Tuesday, August 25, 2009
Preparation Time: 10 minutes
Cooking Time: 15 minutes
1 liter rice washing or water
2 pcs tomatoes, sliced
1 pc onion, sliced
1 medium size bangus, sliced
1 sachet 20g MAGGI Sinigang sa Sampaloc Mix
2 cups talbos ng kamote, cut up
2 cups talbos ng sayote, cut up
2 pcs siling panigang (finger chilies)
patis (fish sauce), to taste
1. Boil rice washing, tomatoes and onions. Add bangus and cook until white in color or about 10 minutes.
2. Stir-in MAGGI Sinigang sa Sampaloc Mix. Bring to a boil. Lower heat and simmer while adding the talbos ng kamote and talbos ng sayote. Add siling panigang.
3. Season with patis to taste.
1 kg bangus sliced diagonally
3 tbsp MAGGI Savor, Classic
cooking oil for deep-frying
4 pcs tokwa, cut into cubes
1/4 cup sliced ginger strips
6 cloves garlic, minced
1 medium onion, minced
4 cups minced tomatoes
1/3 cup tahure
1 cup water
1 pc 11g MAGGI Shrimp Broth Cube
2 tbsp tausi (black beans)
1/4 cup vinegar
Procedure:1. Marinate bangus in MAGGI Savor for about 10 min. Pan-fry in hot oil until browned. Set aside.
2. In the same pan, fry tokwa until golden. Set aside.
3. Leave 2 tbsp oil and saute the ginger, garlic, onion, and tomatoes. Meanwhile, in a bowl, combine tahure, water and MAGGI Shrimp Broth Cube. Pour into the sauteed mixture. Simmer for 5 min.
3. Stir in tausi and vinegar. Simmer without stirring for 10 min.
4. Add in fried bangus and tokwa. Serve hot.
Panfried boneless bangus belly marinated in condensed milk
Preparation Time: 00:03
Cooking Time: 00:03
400 g boneless bangus belly
1 can 301ml condensed milk
1 1/2 tbsp chopped celery
1 sachet 8g MAGGI MAGIC SARAP
black pepper to taste
cooking oil for frying
1. Marinate bangus in condensed milk, celery, MAGGI MAGIC SARAP, and black pepper for at least an hour or over night. Drain.

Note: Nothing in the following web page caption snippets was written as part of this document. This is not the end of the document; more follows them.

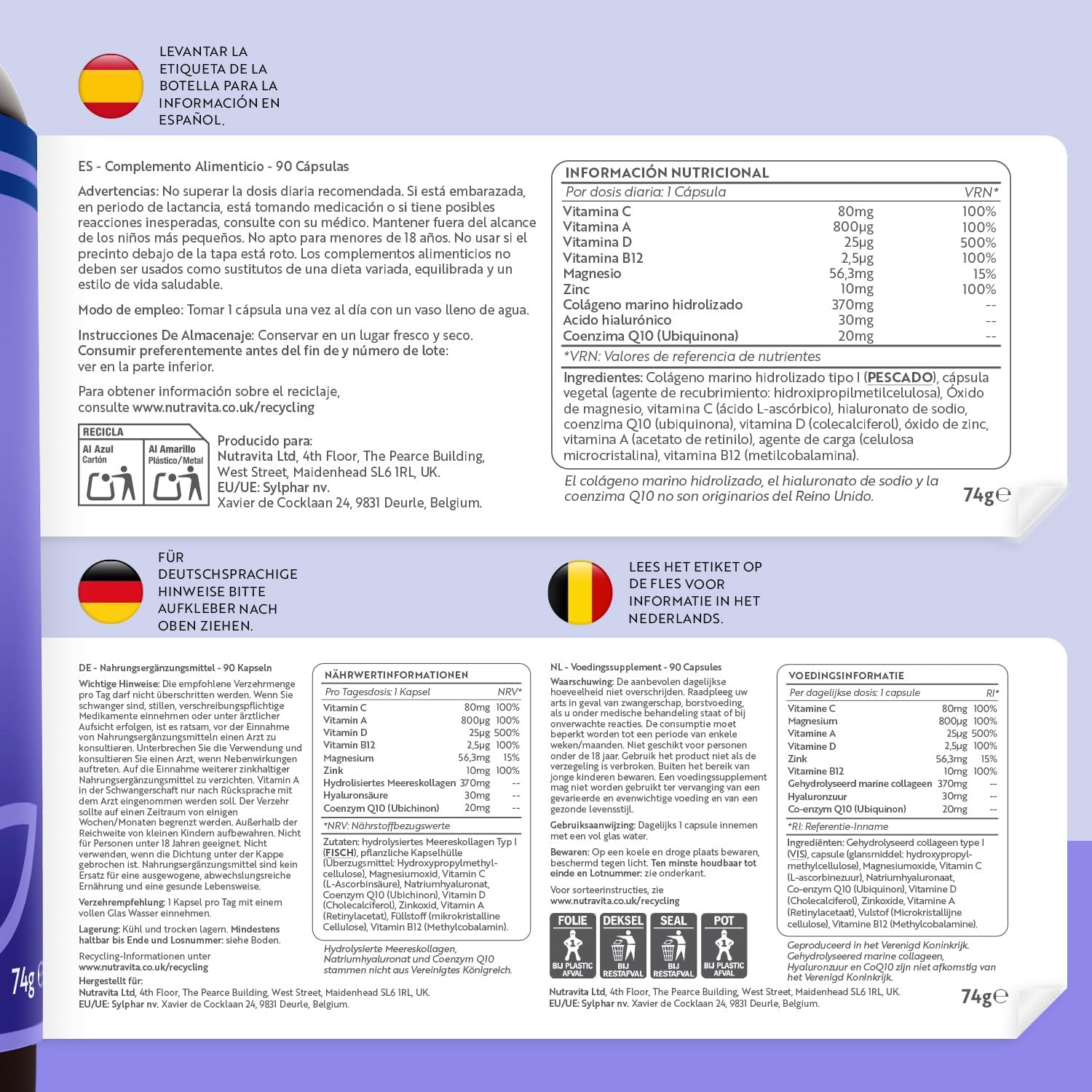 Magnesium Komplex mit B6 & Zink – Collagen Complex with Marine Collagen, Magnesium, Vitamin D, C, B12, A, Q10 & Zinc - 90 Hyaluronic Capsules High Dose for 3 Months - Nutravita – Bild 8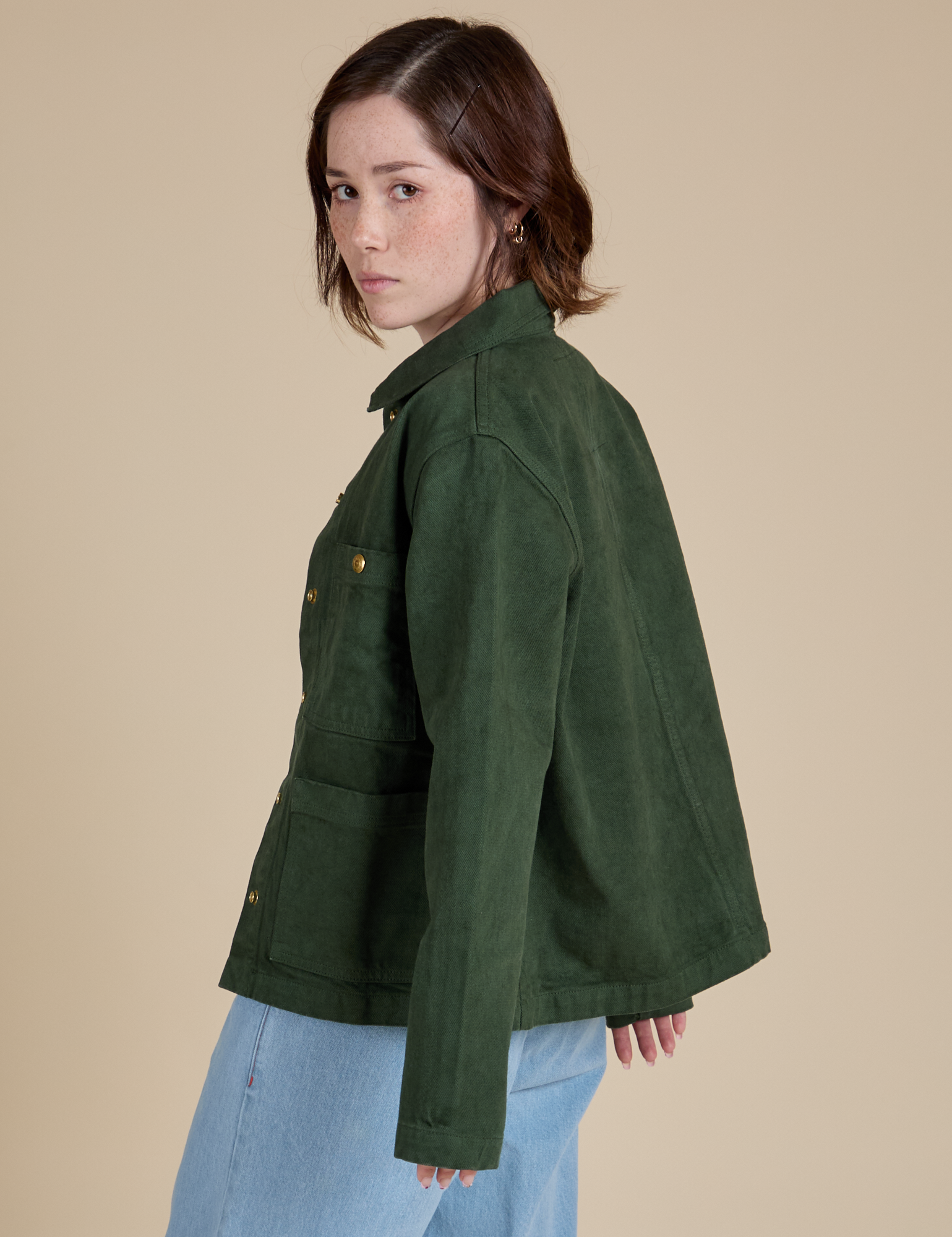 Denim Work Jacket in Swamp Green side view on Hana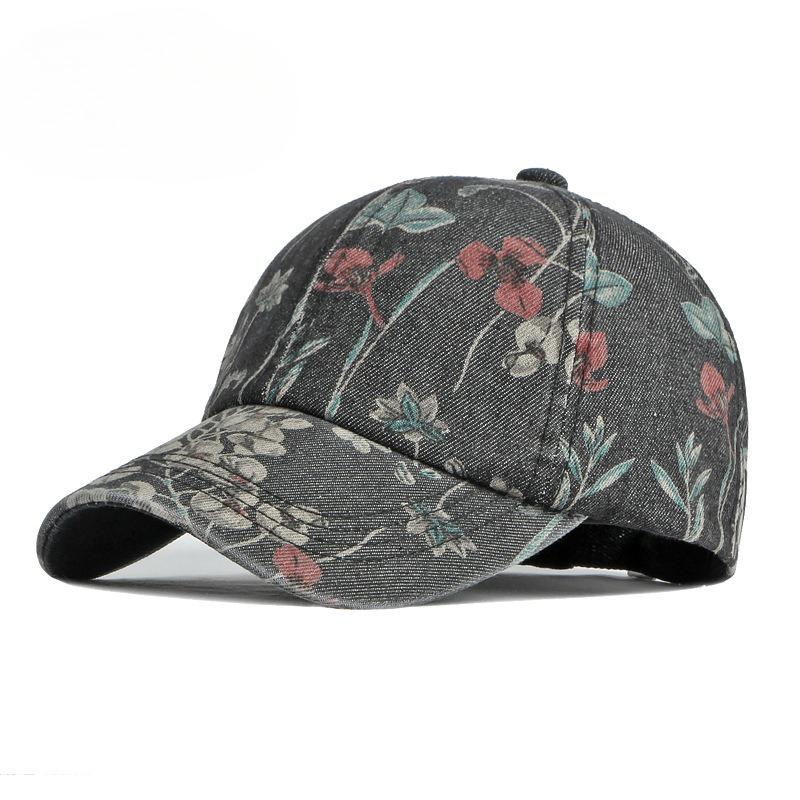 Vintage Ethnic Floral Print Denim Baseball Cap Women Summer Sun Protection Washed Cotton Soft Top Peaked Hat Casual Dad Cap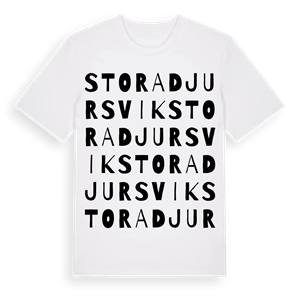 Stora Djursvik ordlek t-shirt – ekologisk bomull t-shirt från Pinshirt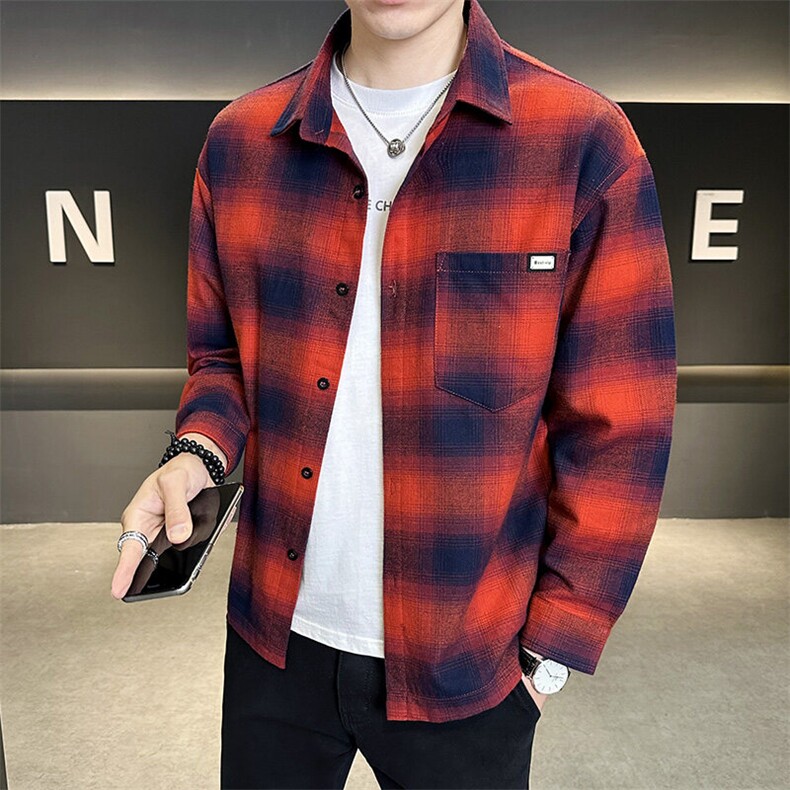 C317-6701-P952025春季新款千鸟格衬衫式夹克薄款情侣外套男,男装夹克,电商C317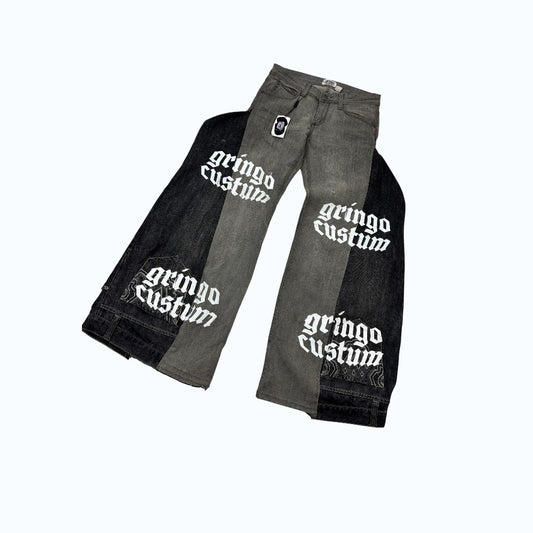 Jean Large Recyclé Gris Bicolore – Gringo Custum Upcycled Denim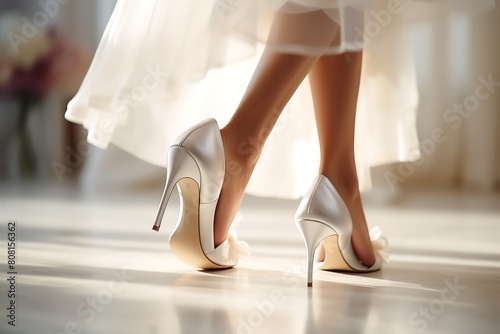 Beautiful legs of the bride in white high-heeled shoes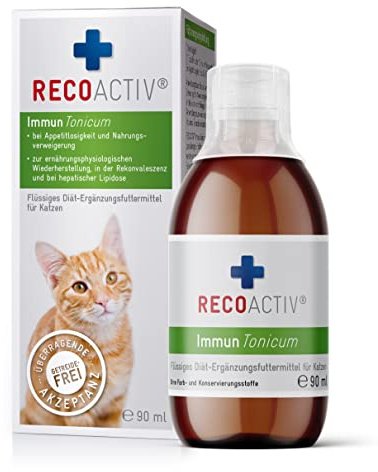RECOACTIV Immun Chat - stimulant efficace de l’appétit, aide rapide en cas de prise alimentaire réduite, perte de poids et carences nutritionnelles, très appétent, liquide, absorption facile, 1x 90 ml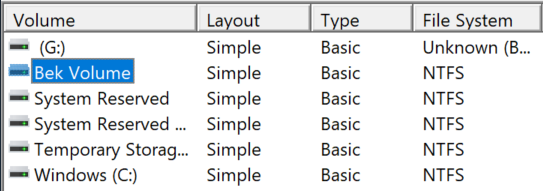 Screenshot of disk management with bek volume highlighted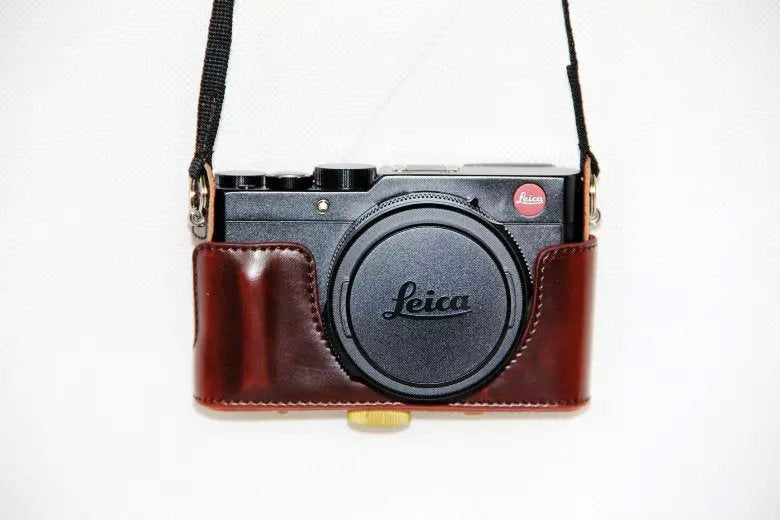 PU Leather Camera Protective Cover + Strap for Leica D-LUX (Typ 109) Digital Camera - Coffee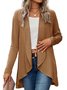 Wrap Loose Casual Plain Coat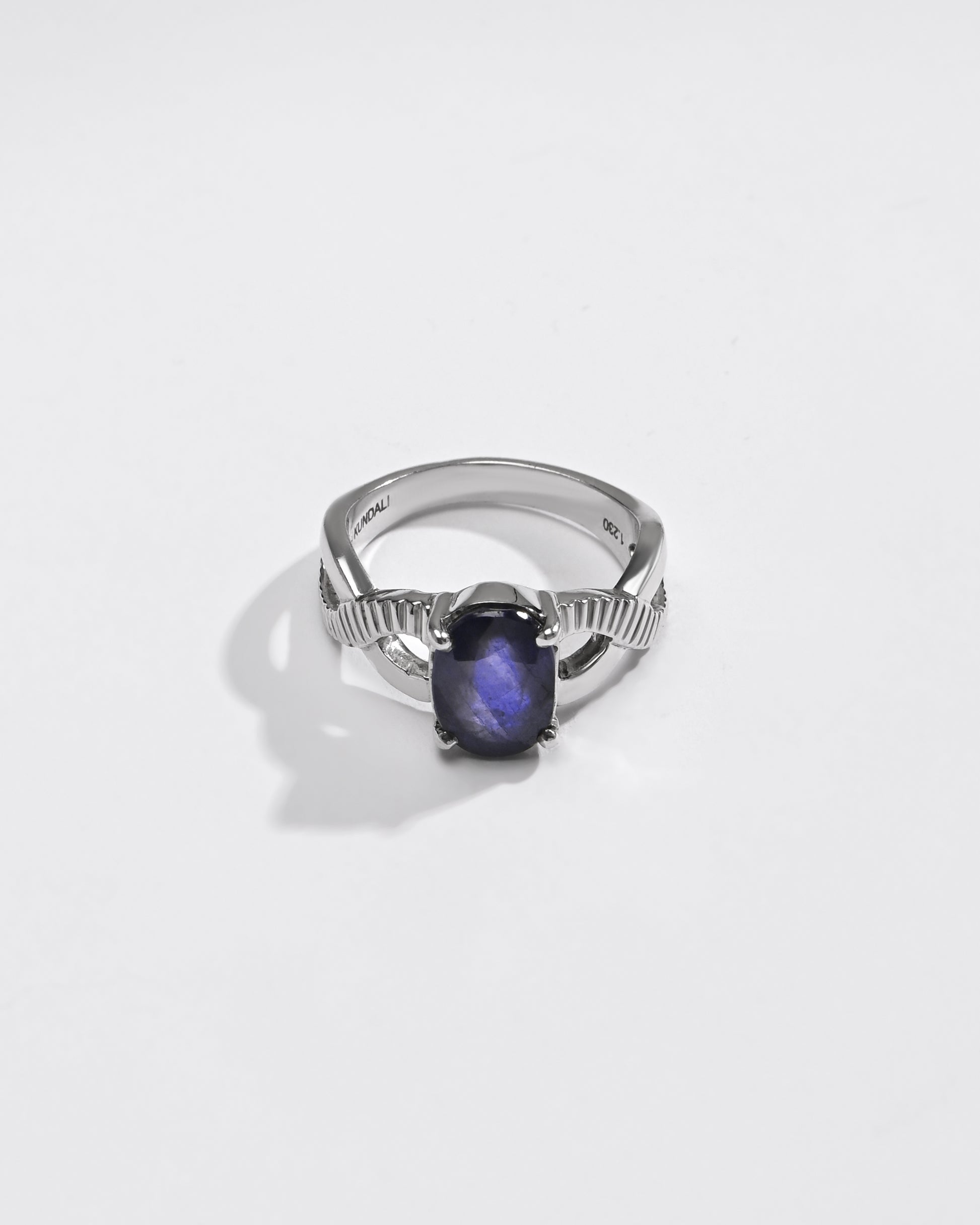 Elegant Blue Sapphire (Neelam) Ring – 925 Silver - 1104N4 - Myra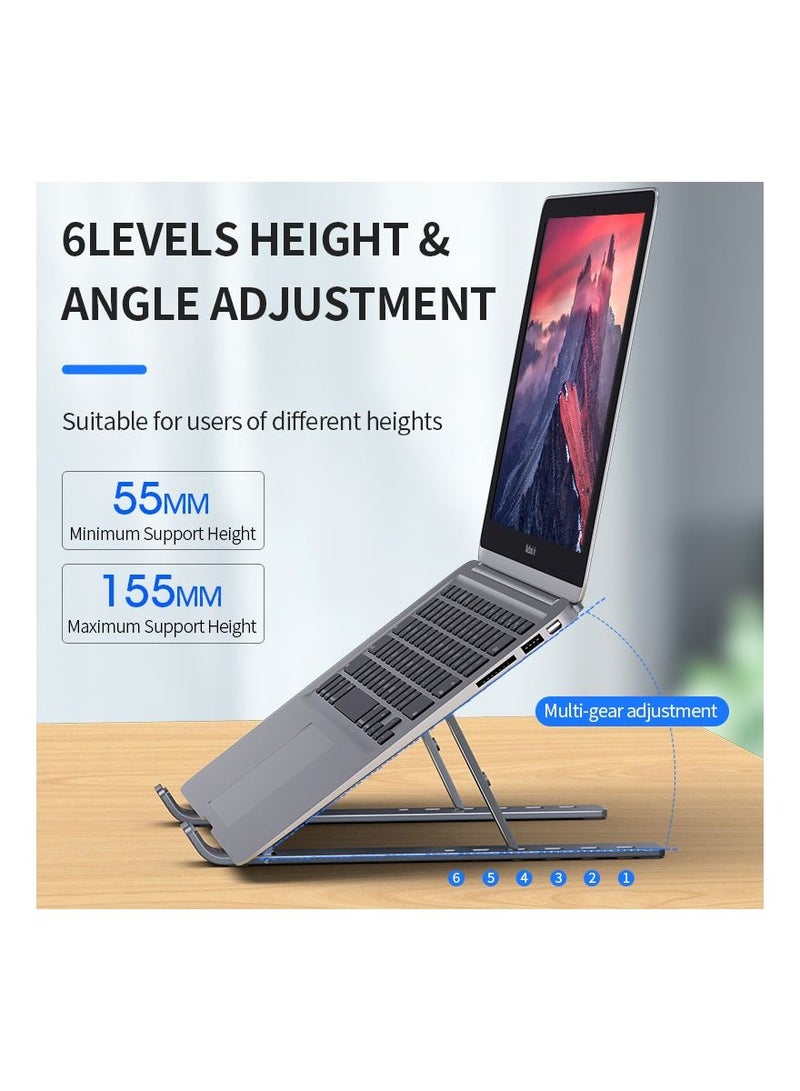 Generic Aluminum Alloy Laptop Holder Stand, Adjustable Foldable Portable For Notebook Computer Bracket, Non-slip Lifting Cooling Holder - Image 2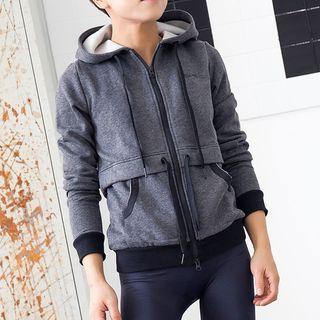 Drawstring Waist Sports Hooded Jacket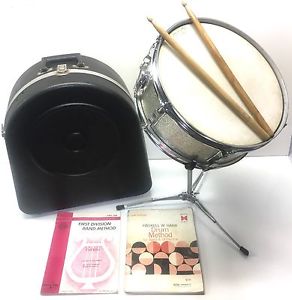 Nice Vintage Original 60s Ludwig Keystone Silver Sparkle Snare Drum, Stand, Case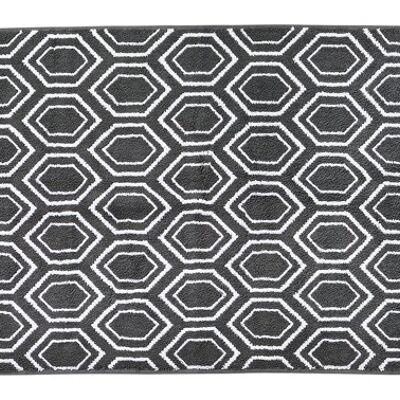 DAILY SHAPES ETHNO bath mat 50x70cm Anthracite/Bright White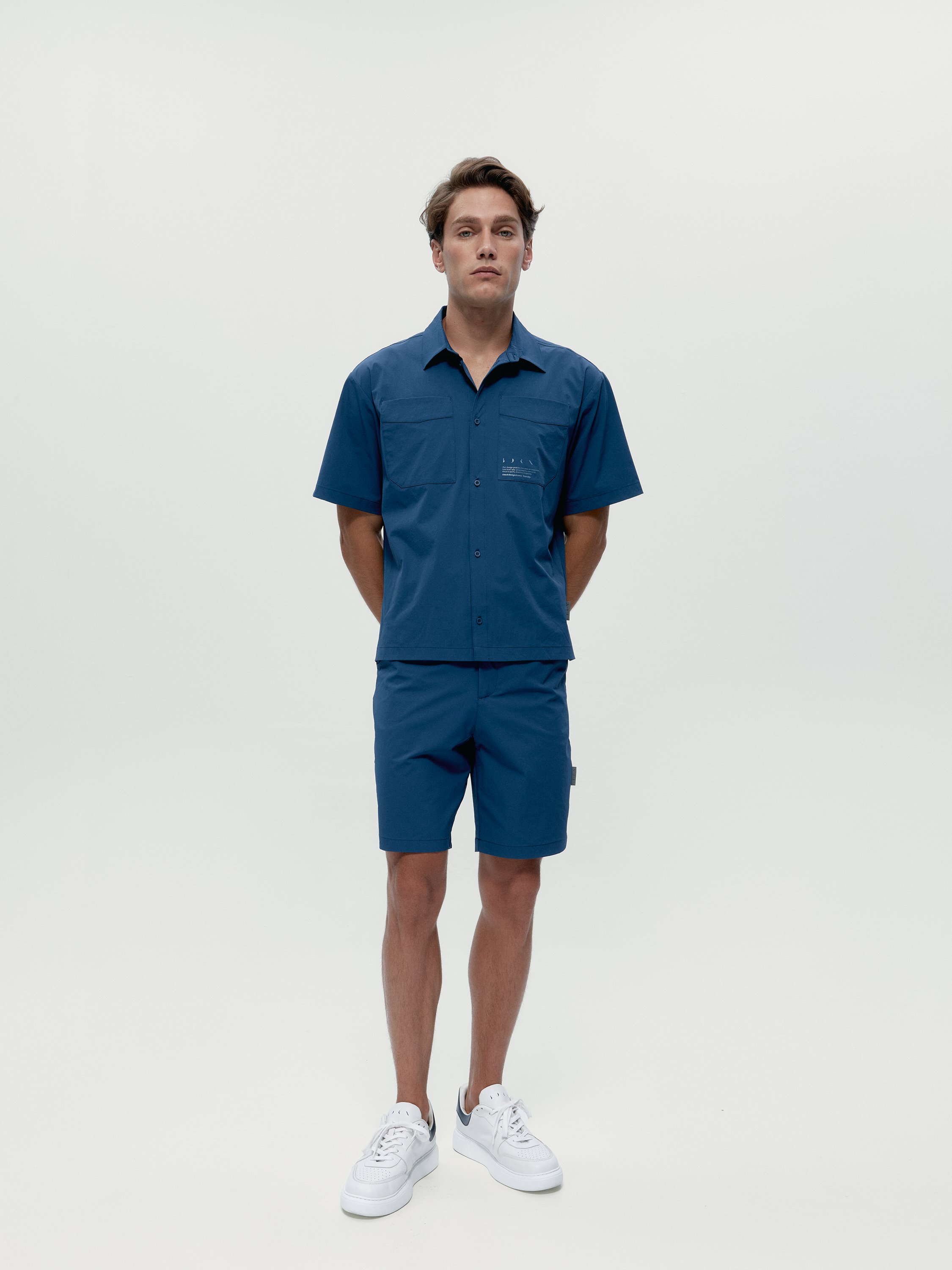 Shirt athleisure recovery manches courtes gadir BORN Bleu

2. Heat oil and panfry marinated bangus until golden brown.
3.Drain and blot oil with paper towel.
4. Serve with rice and vegetables
Monday, August 24, 2009
The milkfish, (Chanos chanos), is an important food fish in Southeast Asia and is the sole living species in the family Chanidae. (About seven extinct species in five additional genera have been reported.)
Milkfish have a generally symmetrical and streamlined appearance, with a sizable forked caudal fin. They can grow to 1.7 m but are most often about 1 meter in length. They have no teeth and generally feed on algae and invertebrates.
They occur in the Indian Ocean and across the Pacific Ocean, tending to school around coasts and islands with reefs. The young fry live at sea for two to three weeks and then migrate to mangrove swamps, estuaries, and sometimes lakes and return to sea to mature sexually and reproduce.
The fry are collected from rivers and raised in ponds where they grow very quickly and are then are sold either fresh, frozen, canned, or smoked.
The milkfish is an unofficial national symbol of the Philippines, where it is called bangus. Because milkfish is notorious for being much bonier than other food fish in the country, deboned milkfish, or "boneless bangus," has become popular in stores and markets.